Extracted data entries:
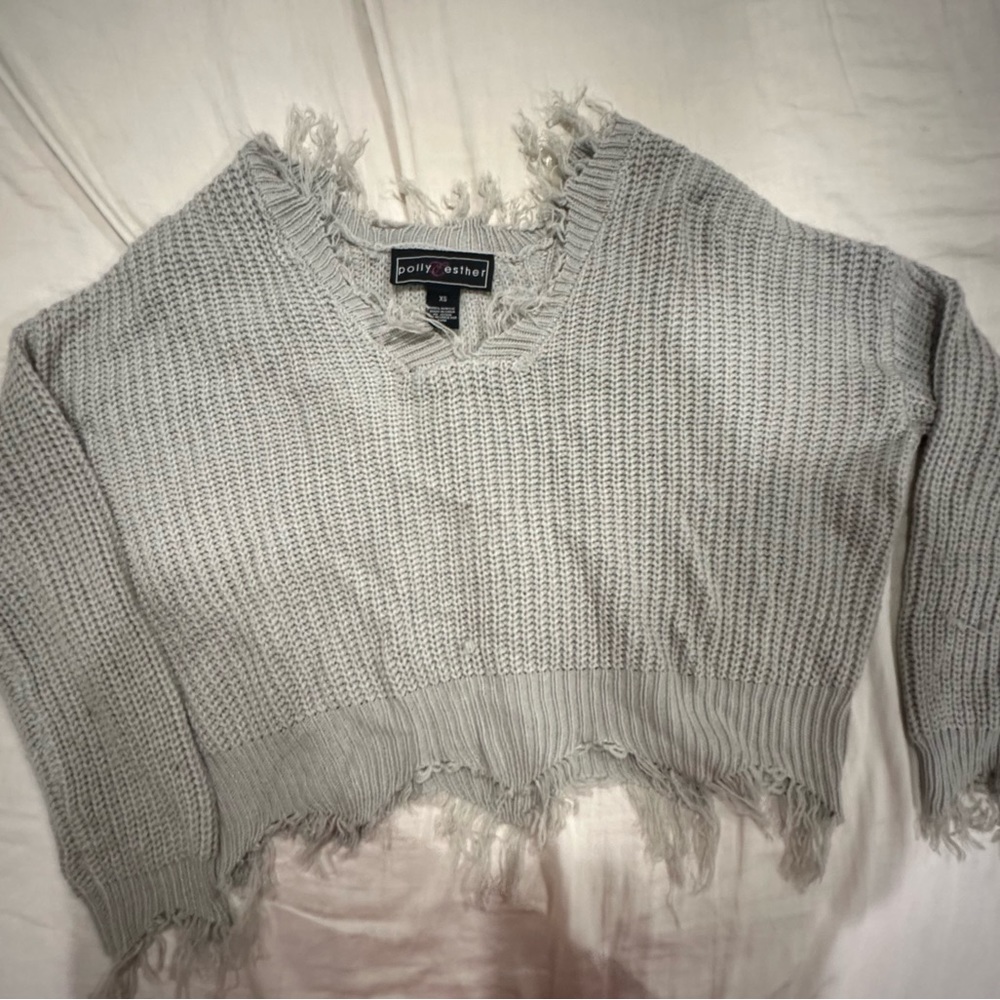 Frayed V neck Sweater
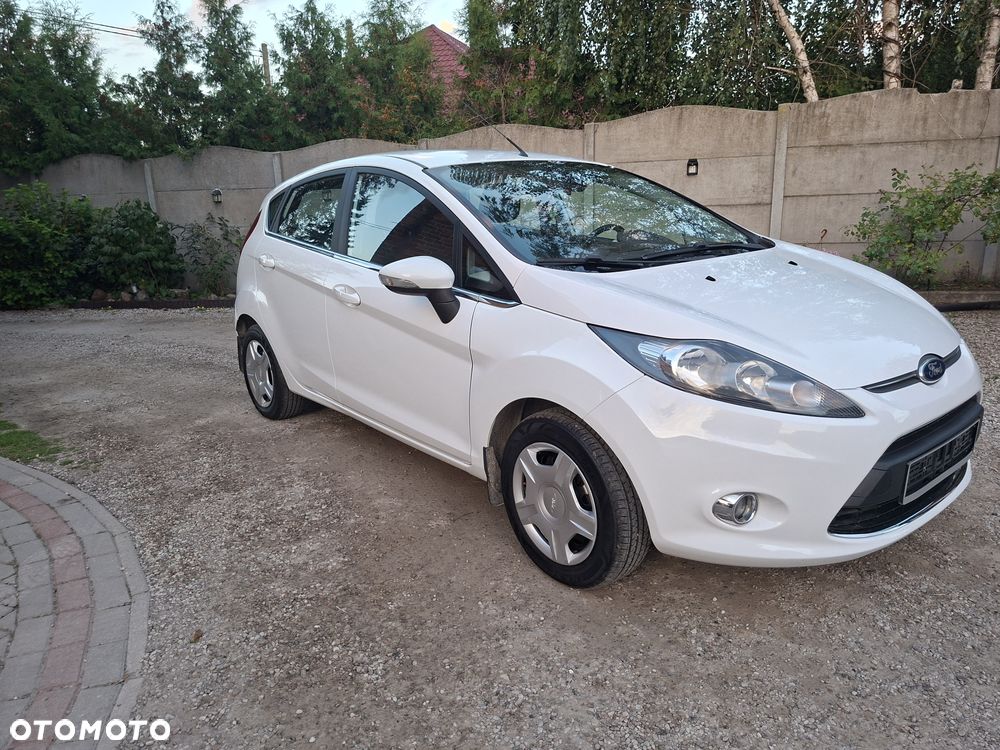 Ford Fiesta 1.25 Ambiente - 2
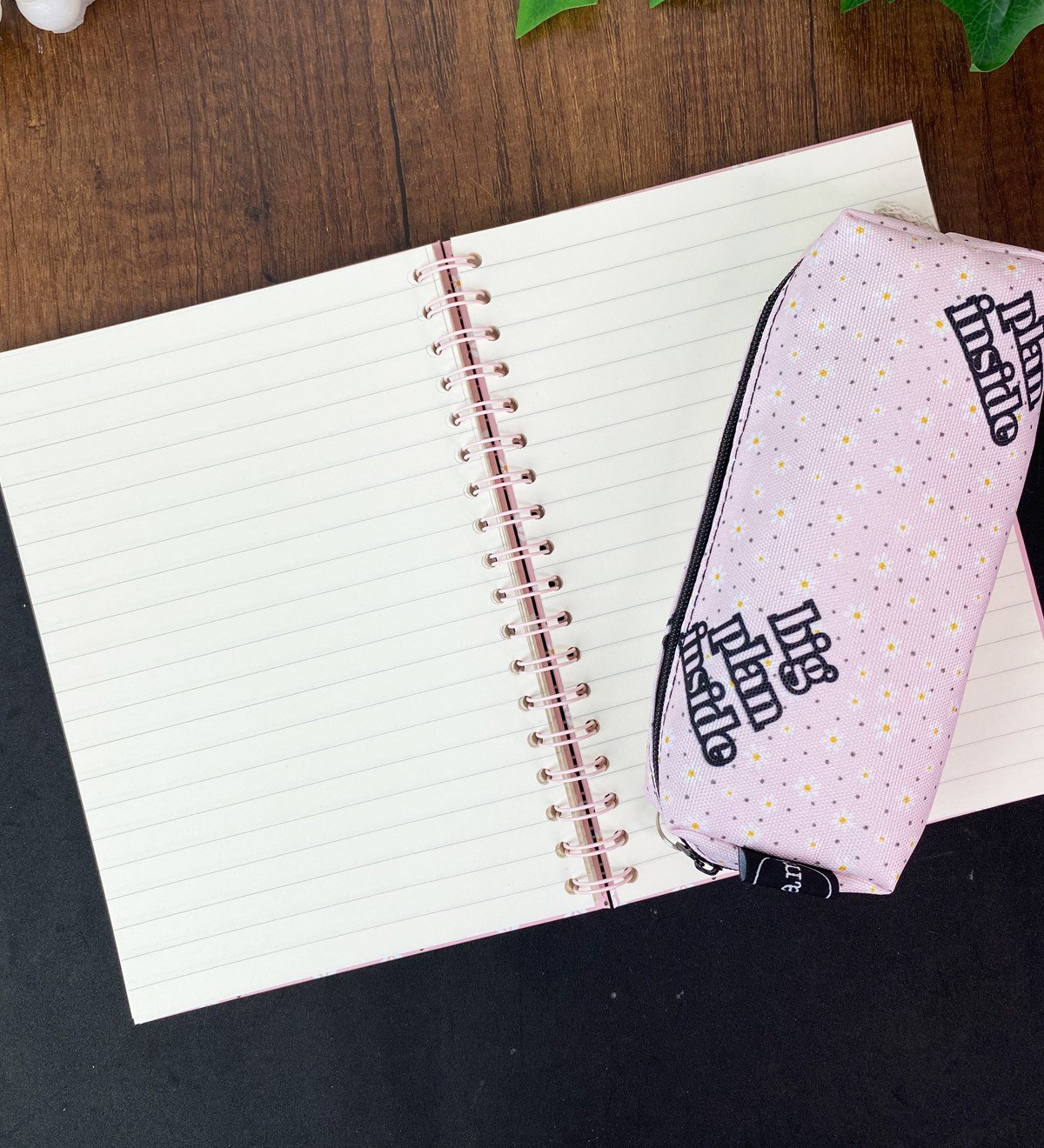 Papatya Tasarımlı Çizgili Spiralli Defter Ve Sosis Kalemlik SetgiftmodaGmhs101783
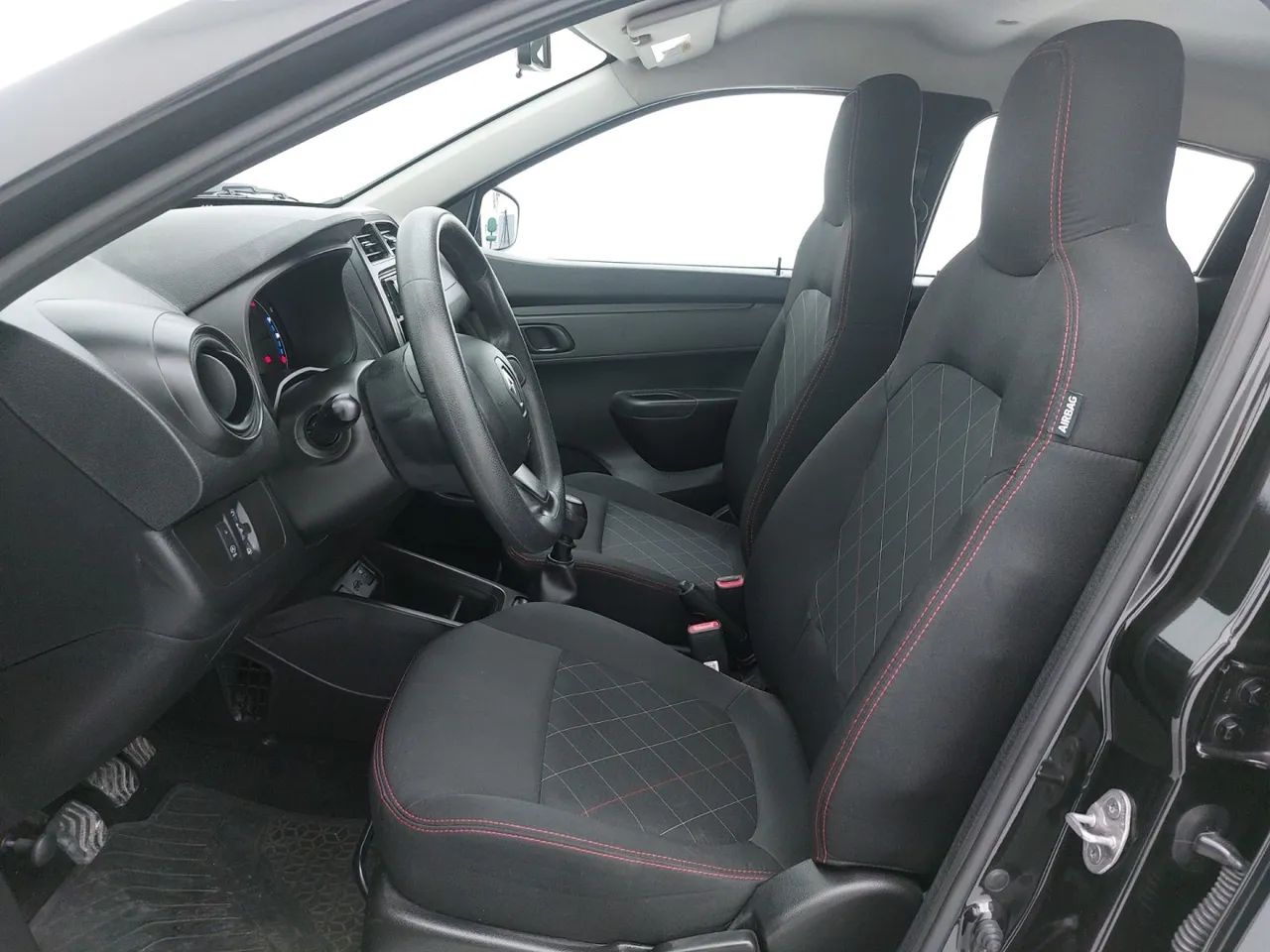 Renault Kwid 1.0 Zen, foto 16 de 18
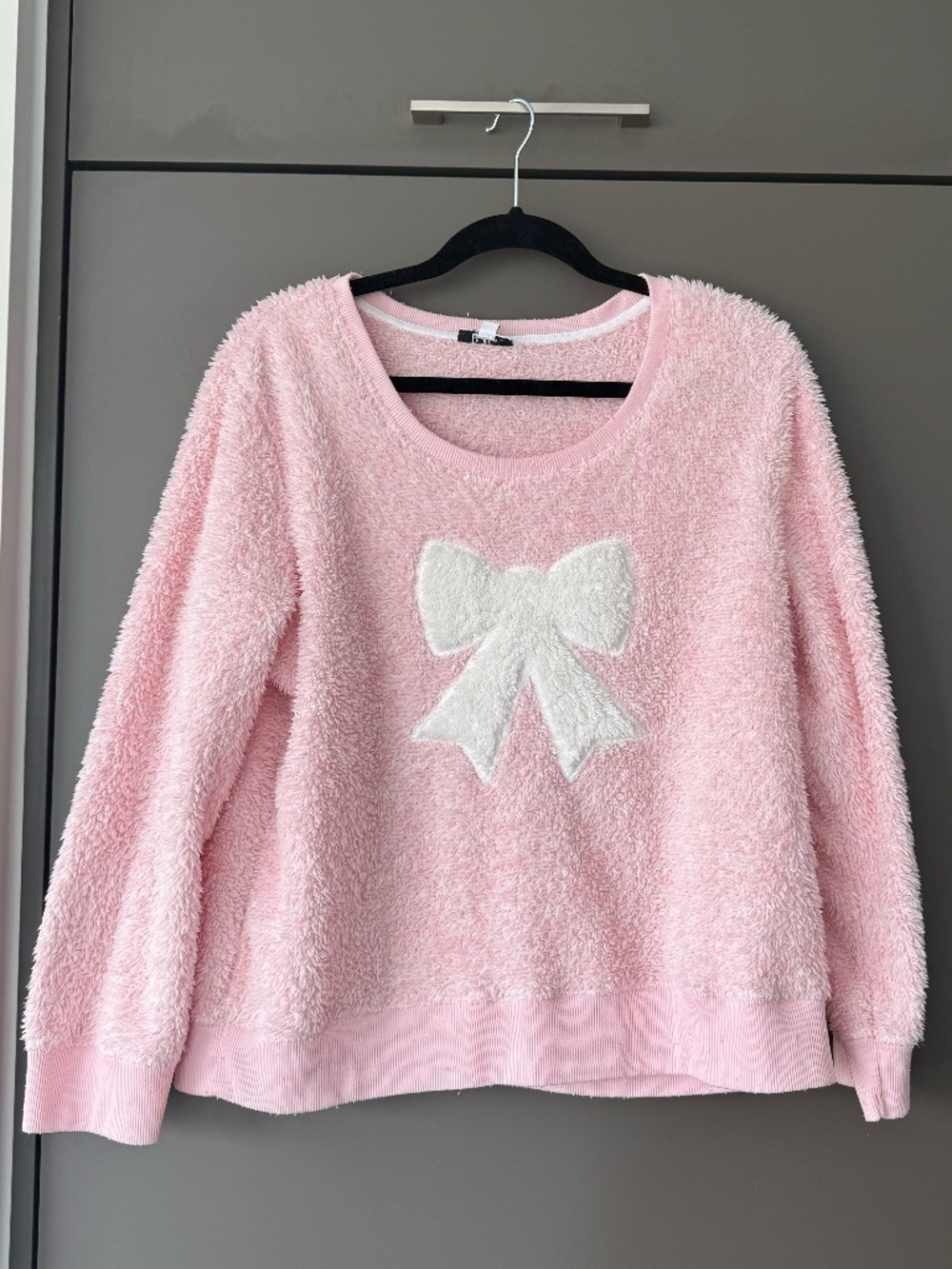 Pink Fuzzy Bow Fleece Sweater Pullover Soft Cozy Size XL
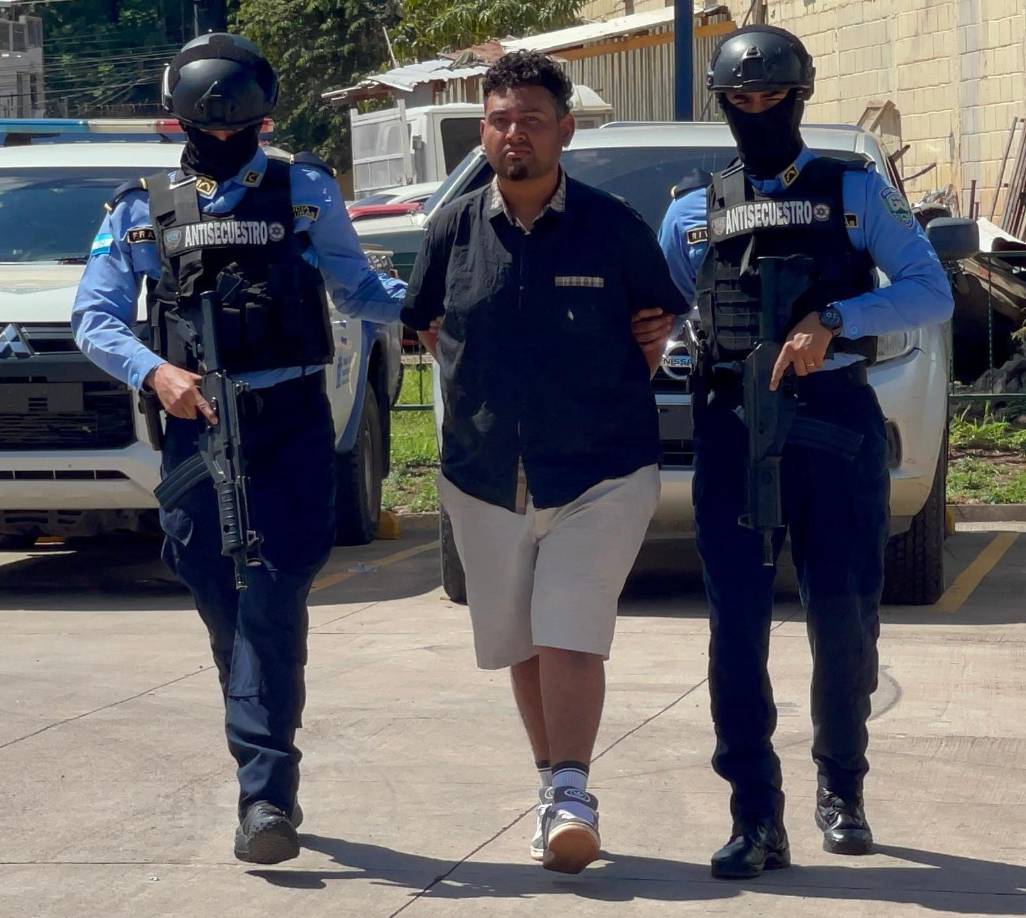 Yadir fue puesto a la orden del Ministerio Público para que se le ejerza la acción penal correspondiente.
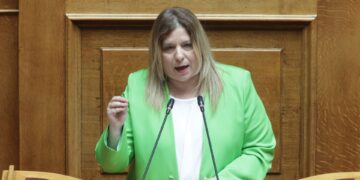 Η Συρεγγέλα, ο Κικίλιας και οι «γυναικείες» ανάσες στο Λιμενικό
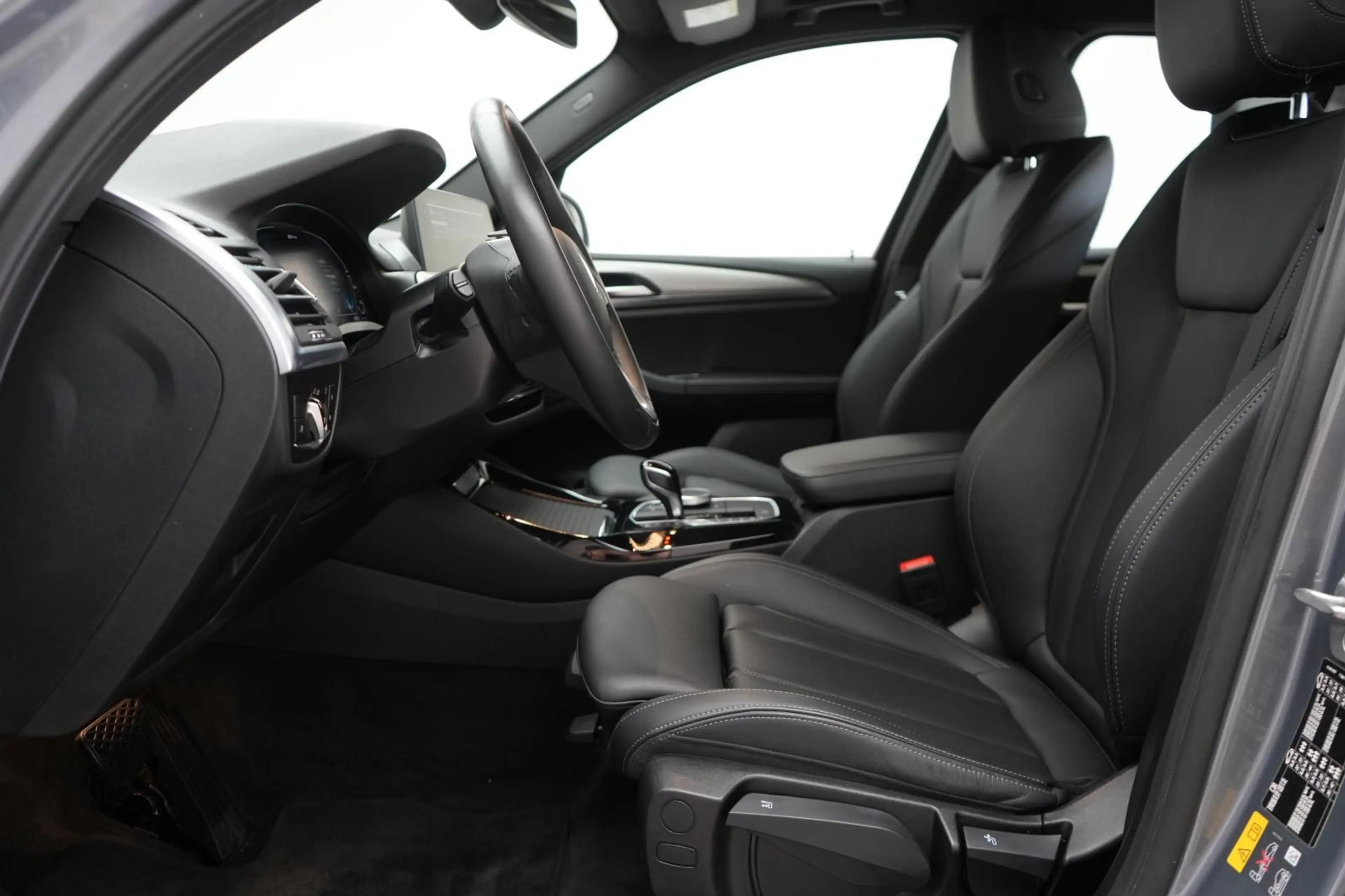 BMW X3 xDrive30e Leder/Kamera/Navi/LED — photo 11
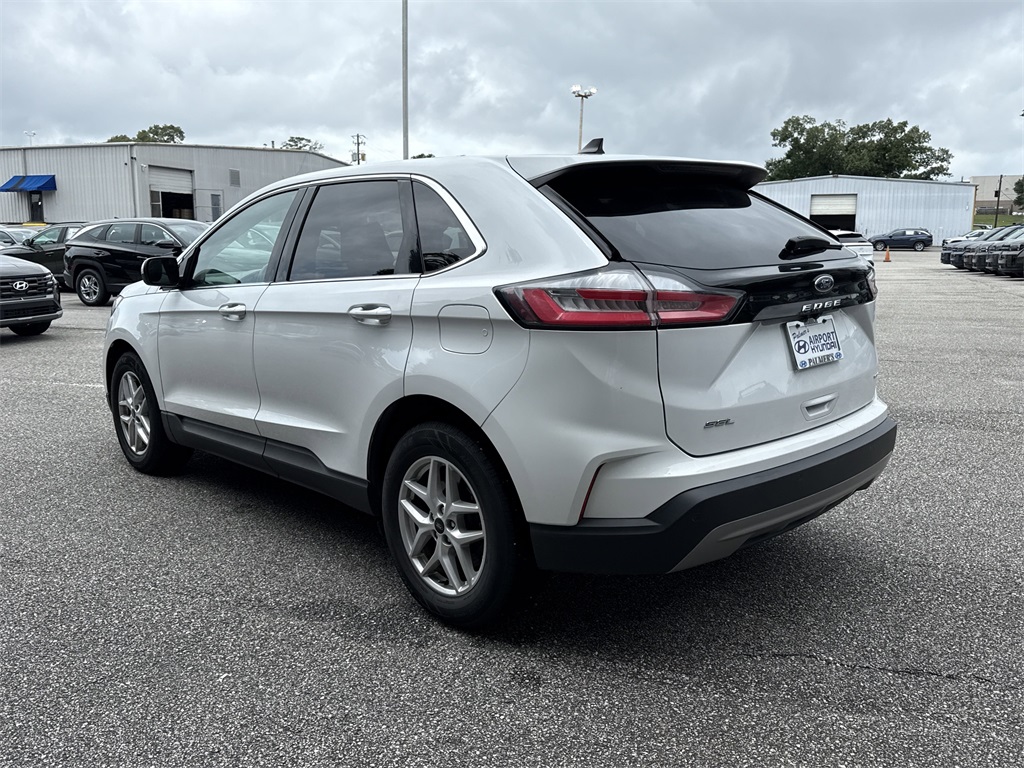 2023 Ford Edge SEL photo 4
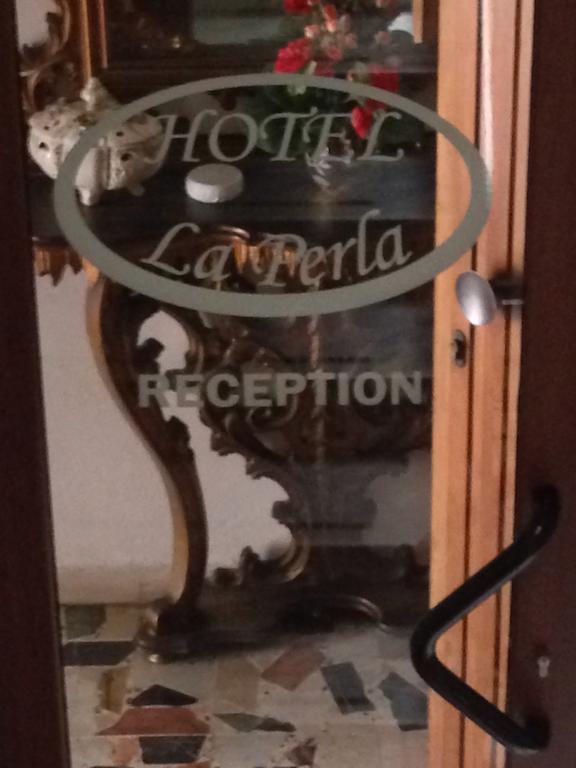 Albergo La Perla กาญารี ภายนอก รูปภาพ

» **Exercise brief**
Once the pictures are set aside, please output all the data word for word.

» **Answer area**
 Frayed V neck Sweater
 Ford Fiesta 1.25 Ambiente - 2
 Papatya Tasarımlı Çizgili Spiralli Defter Ve Sosis Kalemlik SetgiftmodaGmhs101783
 Renault Kwid 1.0 Zen, foto 16 de 18
 Pink Fuzzy Bow Fleece Sweater Pullover Soft Cozy Size XL
 Yadir fue puesto a la orden del Ministerio Público para que se le ejerza la acción penal correspondiente.
 Η Συρεγγέλα, ο Κικίλιας και οι «γυναικείες» ανάσες στο Λιμενικό
 BMW X3 xDrive30e Leder/Kamera/Navi/LED — photo 11
 2023 Ford Edge SEL photo 4
 Albergo La Perla กาญารี ภายนอก รูปภาพ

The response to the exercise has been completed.